Defiant Spirits : Fernando Brito’s Sinaloa Exposition

Organisateur : Didier Aubert

Fordham University, Yale University, Brown University

Born and raised in Sinaloa, a state most people associate mostly with its eponymous cartel, Fernando Brito (1975) began his career as a photographer for local newspapers La I and El Debate. Documenting daily occurrences of gruesome violence around the capital city of Culiacán, he developed a distinctive style that allowed him to distance himself from the worst excesses of Mexico’s century-old tradition of nota roja (“red news”). His grimly poetic series entitled Tus pasos se perdieron con el paisaje earned him various national and international prizes and was exhibited around the world, from Switzerland (Geneva’s Center of Photography) in 2012 to the Bronx Documentary Center in 2014.
Yet Brito’s ambition is not simply to be catalogued as a modern-day Wegee (US, 1899-1968) or Enrique Metinides (Mexico, b. 1934)—the most influential crime photographers in the history of the medium. Defiant Spirits : Fernando Brito’s Sinaloa showcases a lesser-known aspect of his work, and of Sinaloa’s multi-faceted reality. From the streets of Culiacán to the northern hills of Choix, local populations find a sense of identity in their own histories and traditions, turning away from discredited political institutions.

Since the 16th century, Yoremes (“those who respect traditions”) have adapted Jesuit missionaries’ teachings to their own spiritual heritage, creating unique forms of rituals and community. Over the last century or so, their culture has endured and evolved, helping them to weather successive assaults by ranching interests, federal troops, hydroelectric projects, and most recently drug cartels. Around Lent, eerie Matachine dancers converge toward Culiacán, familiar figures wandering the streets and bearing witness to the lasting power of their faith.
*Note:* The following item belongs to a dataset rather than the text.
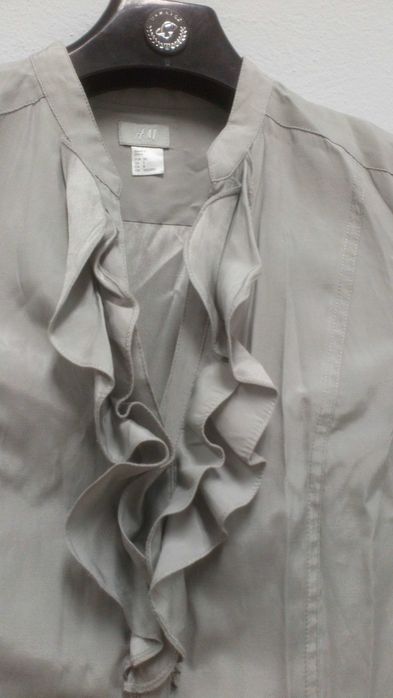 Koszula damska szara H&M, rozmiar 38, długa, używana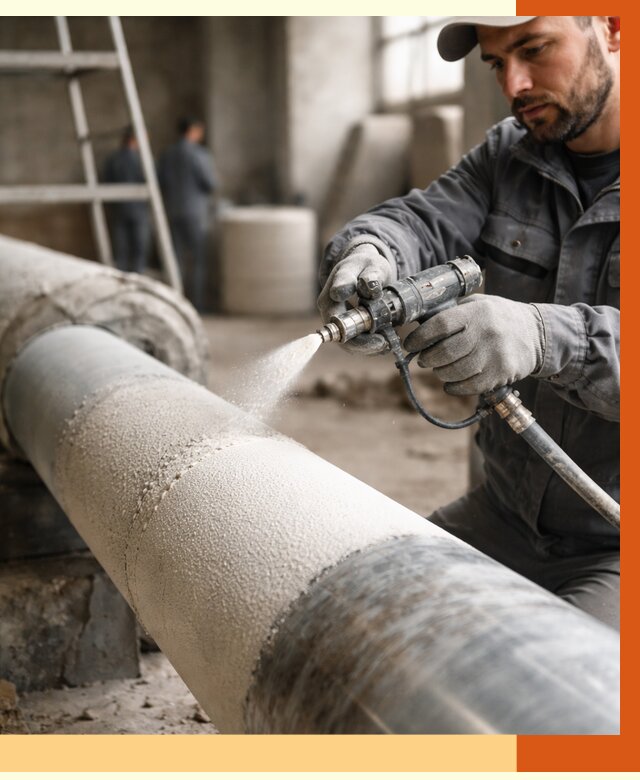 Утепление труб жидкой теплоизоляцией в Выборге от 7666 руб. под ключ | ТепломастерВбр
From the heart of Sinaloa’s capital city all the way to California, Jesús Malverde (1870 ?-1909) answers his devotees’ pleas for protection, love and success. A Robin Hood figure celebrated as a protector of the downtrodden, he is remembered for his bravado against representatives of porfiriato and foreign mining companies. Over the last few decades, Malverde’s spectacular appropriation by narcoculture has strengthened his aura of defiance against all forms of official authority.

Brito’s approach owns its power and relevance to his long-term commitment and familiarity with the culture and conflicts that have shaped present-day Sinaloa. His work is deeply rooted in place, and draws its strength from continuity. Being there. Staying there. Going back. His original training in photojournalism was hands-on and informal. It has gradually evolved into an adaptive documentary approach which is shaped to a large extent by his subjects. His work on Malverde’s followers mostly borrows from the classic photo essay format. In contrast, his collaboration with Héctor Parra on Yoreme rituals is largely ethnographic in nature. Still, striking portraits of grotesque judíos allow their subjects to carry on carefully crafted performances for the camera : individuality shows through the mask of social and religious ritual.
Thus Brito’s work is anchored in specific moments and spaces, looking for actualities rather than essence. These pictures are not about the “soul” of Mexico, as if such a thing could be found anywhere. They do, however, tell us something about the way women, children and men create community and meaning in the world they’re making for themselves.